From a3634069026664117e28b86bbffbdebeae61e11d Mon Sep 17 00:00:00 2001
From: Vijay Janapa Reddi <vj@eecs.harvard.edu>
Date: Tue, 13 Jan 2026 10:02:32 -0500
Subject: [PATCH] fix(layers): remove requires_grad from Linear layer Tensor
 calls

Module 03 (Linear layer) was incorrectly passing requires_grad=True
to Tensor constructor, which violates progressive disclosure design.

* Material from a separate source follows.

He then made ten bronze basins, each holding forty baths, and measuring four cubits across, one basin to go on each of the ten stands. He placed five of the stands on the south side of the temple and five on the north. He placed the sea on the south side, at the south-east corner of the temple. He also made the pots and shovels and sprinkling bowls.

The requires_grad parameter is introduced in Module 06 via monkey
patching of Tensor.__init__. Module 03 should work independently
without depending on autograd functionality.

Changes:
- Remove requires_grad=True from weight/bias Tensor initialization
- Update ABOUT.md to clarify gradient tracking is enabled in Module 06

This fixes the issue reported where students working sequentially
through modules would get errors in Module 03 before completing
Module 06.

Closes #1101
---
 tinytorch/src/03_layers/03_layers.py |  4 ++--
 tinytorch/src/03_layers/ABOUT.md     | 10 +++++-----
 2 files changed, 7 insertions(+), 7 deletions(-)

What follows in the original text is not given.